EL DON
Podía contaros que esta historia le ocurrió a una amiga, o no sé a quien. Inventarme algunos hechos dejando el meollo, pero no, esto me pasó a mí y a mi padre que en paz descanse. Mi padre me abrió las puertas a un mundo distinto. Me hizo ver el don que yo llevaba. No sé si yo lo llevaba desde que nací y el me lo despertó, o si mi padre también nació con ese don. No tuve tiempo de tener una conversación con él porque se fue. Todo sucedió muy deprisa. Demasiado.
Aquel fatídico lunes por la mañana mi padre ya empezó a no poder disimular lo malito que estaba. Se colocaba la mano en el estómago y decía “tengo ardor”. Procuraba realizar las tareas cotidianas en su edad de jubilación aplicando el lema que siempre tenía en boca cuando alguien le daba prisas respondiendo “chis… tranquilo, detrás del uno, el dos…”.
Yo veía cómo su tez morena estaba cada vez más pálida con el transcurso de las horas, en aquel día de junio que no hacía mucho calor.
Mi padre era un hombre de campo y los hombres de campo nunca pueden estar mucho tiempo sin visitar su tierra. Tenía costumbre por levantarse de buena mañana e ir a tomar café al bar con sus amigos e intercambiar impresiones. Ese lunes no pudo hacerlo. Se quedó en casa echando un vistazo a sus pájaros que tenía en el gran patio de nuestra casa tomando los remedios caseros que mi madre le daba, y que no le funcionaban.
Yo estaba estudiando en aquella época mi oposición. Salí de mi habitación para que mi mente descansara un poco, y sin que él se diese cuenta, ví a mi padre encogerse, colocando el brazo derecho en el estomago.

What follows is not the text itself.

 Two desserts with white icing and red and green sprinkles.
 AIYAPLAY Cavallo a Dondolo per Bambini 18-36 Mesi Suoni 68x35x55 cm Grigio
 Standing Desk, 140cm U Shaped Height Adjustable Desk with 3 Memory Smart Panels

Al percatarse de mi presencia, se enderezaba y seguía con lo que estaba haciendo.
- ¿Te ocurre algo papá?
- No mi niña. No te preocupes.
- Cada vez estas más pálido.
- Tengo gases mi niña. Nada más
- ¿Has ido al baño?
- No. Pero no es tan importante.
- ¿Desde cuando no vas?
- No sé...
- A ver déjame hacer esto
De forma intuitiva me acerqué a él y le coloqué la mano en el ombligo. Y de repente como si alguien me hubiese pinchado, dí un respingo y pensé “se está muriendo” “No. No puede ser”
- ¿Qué te pasa mi niña?
- Nada papá ¿Por qué no vamos al médico y que te eche un vistazo?
- ¿Para que mi niña? Esto debe ser algo pasajero ¿Verdad?
Los ojos miel de mi padre, clavaron su mirada en mis ojos.
- Esto son gases, seguro, no hace falta que vaya al médico. Mañana estaré bien, seguro, y en cuanto me sienta mejor, con más fuerzas, hablaremos. Y ahora ve y estudia. No te preocupes de nada.
- Si papá.
Me volví a mi habitación a sumergirme en mis estudios otra vez, sin reparar en nada más, sin darle más importancia.
Dos horas más tarde ya había llegado el medio día. El sonido de la sirena de una ambulancia detenida frente a mi casa me alertaba. Salí de mi habitación corriendo y ví a mi madre con movimientos torpes y apresurados cogiendo a mi padre por la cintura, y éste al cuello de mi madre casi sin poder andar dirigiéndose hacia la puerta de salida.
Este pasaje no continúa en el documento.